Data under study: Begin

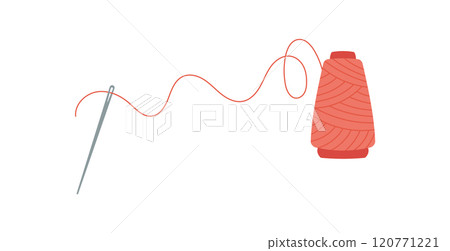 Sewing needle and spool icon, flat sewing craft tool design, vector embroidery decoration element, hand drawn dressmaking supplies object, cartoon fashion accessories illustration, 120771221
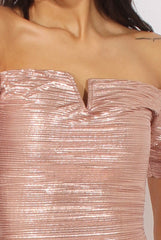 Bronze Metallic Pleated Bardot V Front Midi Dress - Lucia-Dresses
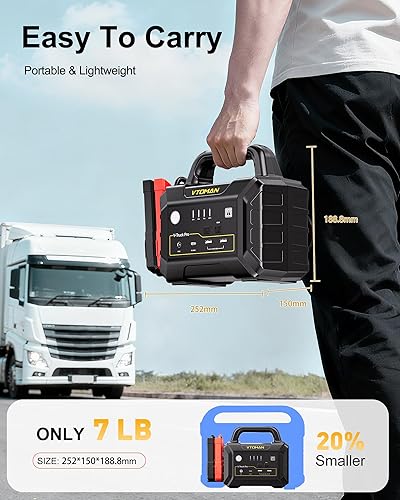 Miniatura 6 de VTOMAN V-Truck Pro 8000A - Batería de coche con carga rápida de 65 W, 41600 mAh portátil para todo gasolina, caja de salto de 12 V con luz LED,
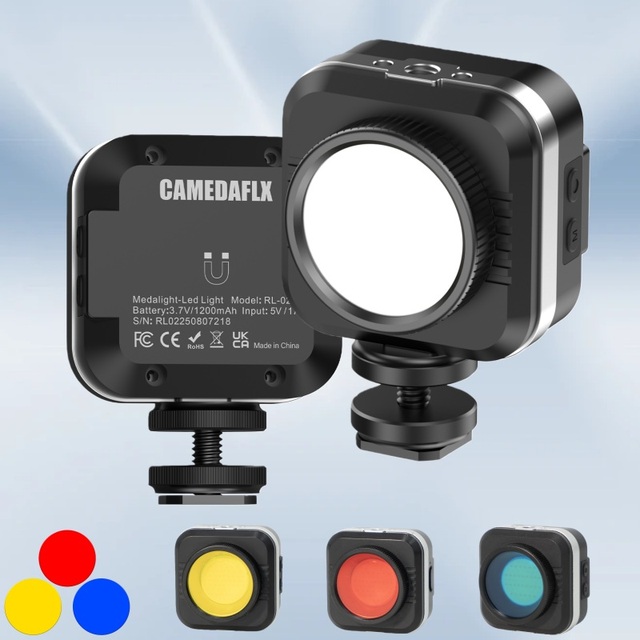 LED Video Light Portable Camera Lights 32 LED Beads Photography Video Lighting Rechargeable 1200mAh CRI 95 2700-6500K Silicone
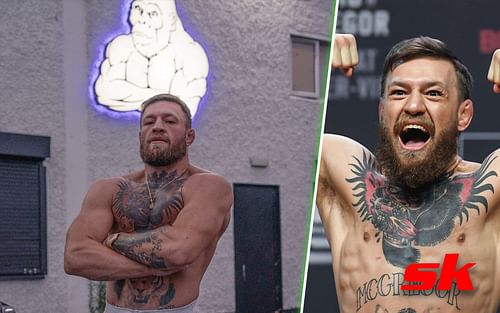 Conor McGregor (Right image via @thenotoriousmma on Instagram, Left image via Getty)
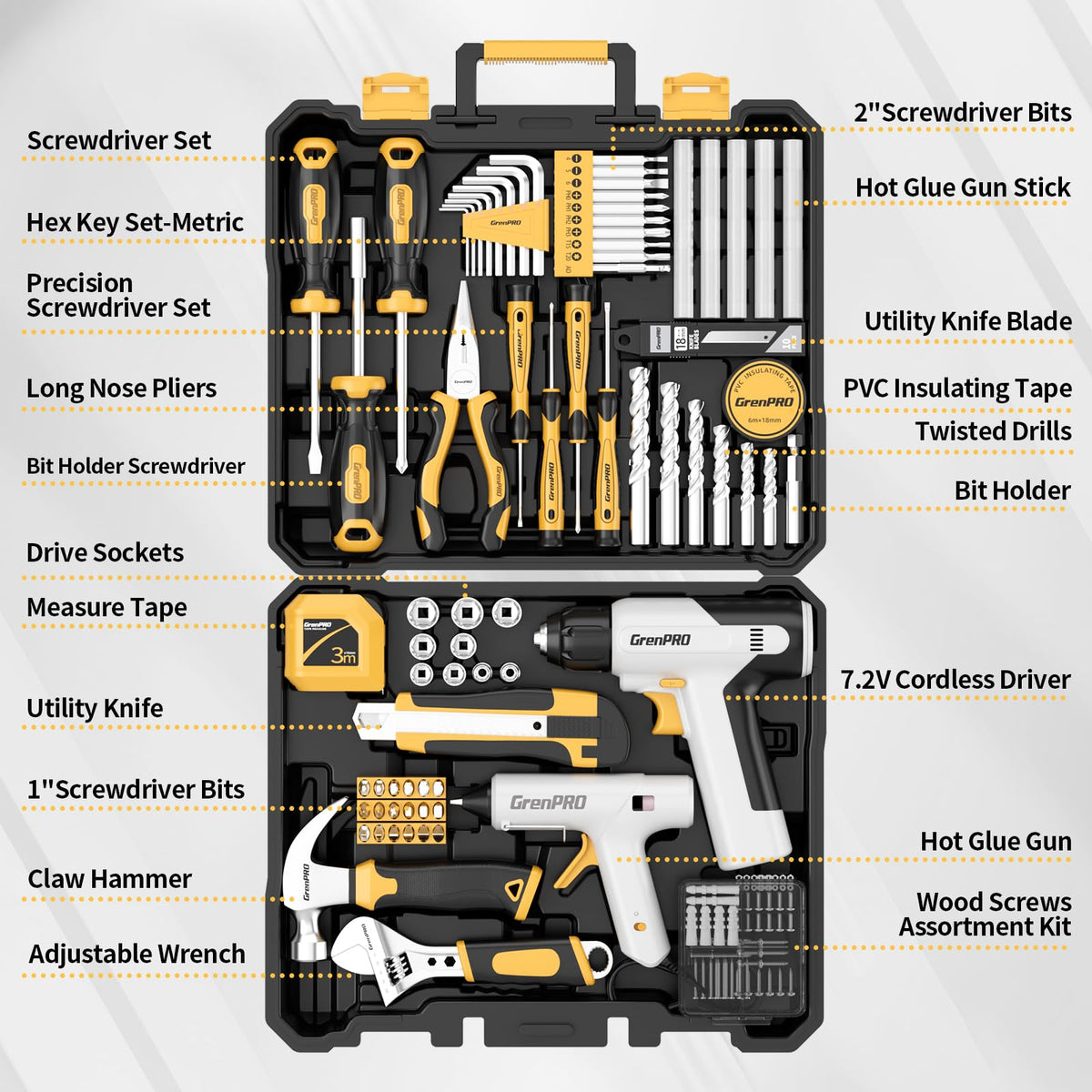 188PCS Yellow Cordless Drill Tool Set For Men Tool Kit For - GRENPRO Official Imagery - 3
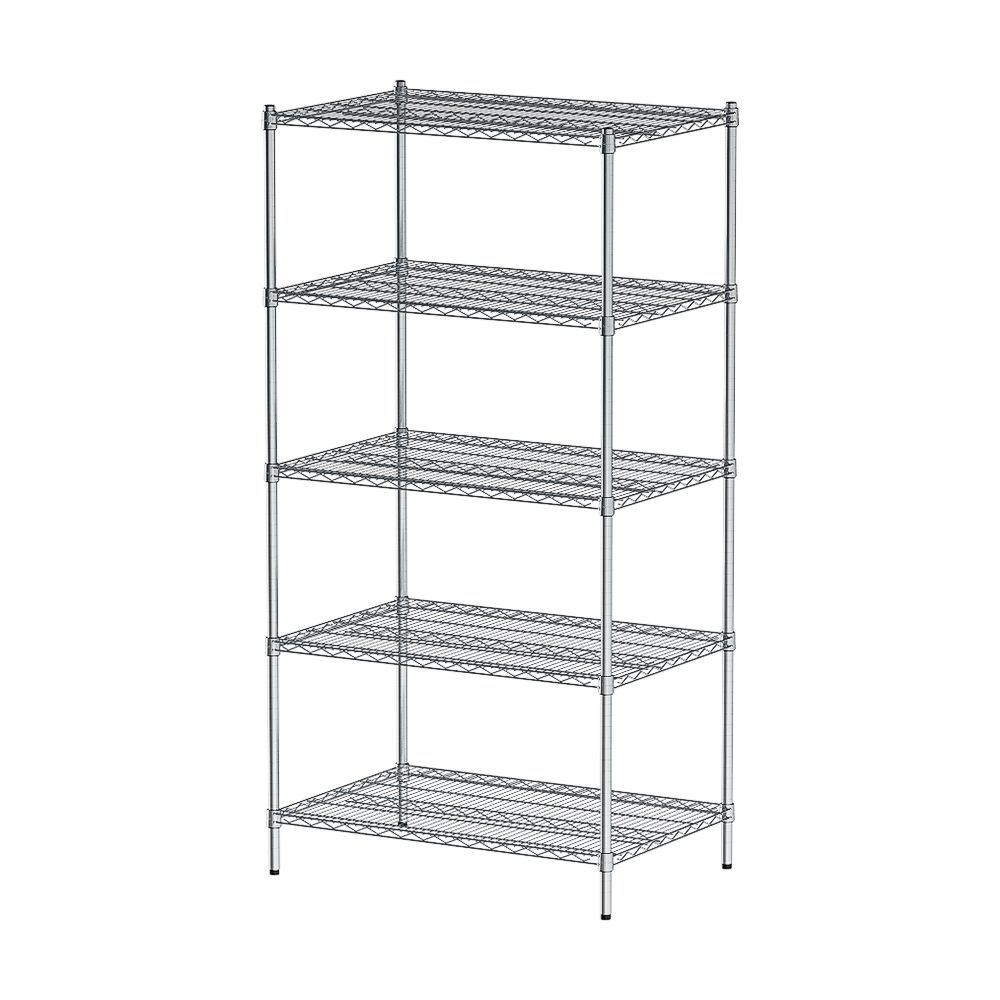 【dayneeds】荷重型 90x60x180公分 五層電鍍(鎖管)波浪架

Data under study: End

Everything in the listing above must be retyped exactly, except for the pictures.

 Sewing needle and spool icon, flat sewing craft tool design, vector embroidery decoration element, hand drawn dressmaking supplies object, cartoon fashion accessories illustration, 120771221
 Bronze Metallic Pleated Bardot V Front Midi Dress - Lucia-Dresses
 Miniatura 6 de VTOMAN V-Truck Pro 8000A - Batería de coche con carga rápida de 65 W, 41600 mAh portátil para todo gasolina, caja de salto de 12 V con luz LED,
 LED Video Light Portable Camera Lights 32 LED Beads Photography Video Lighting Rechargeable 1200mAh CRI 95 2700-6500K Silicone
 Conor McGregor (Right image via @thenotoriousmma on Instagram, Left image via Getty)
 188PCS Yellow Cordless Drill Tool Set For Men Tool Kit For - GRENPRO Official Imagery - 3
 【dayneeds】荷重型 90x60x180公分 五層電鍍(鎖管)波浪架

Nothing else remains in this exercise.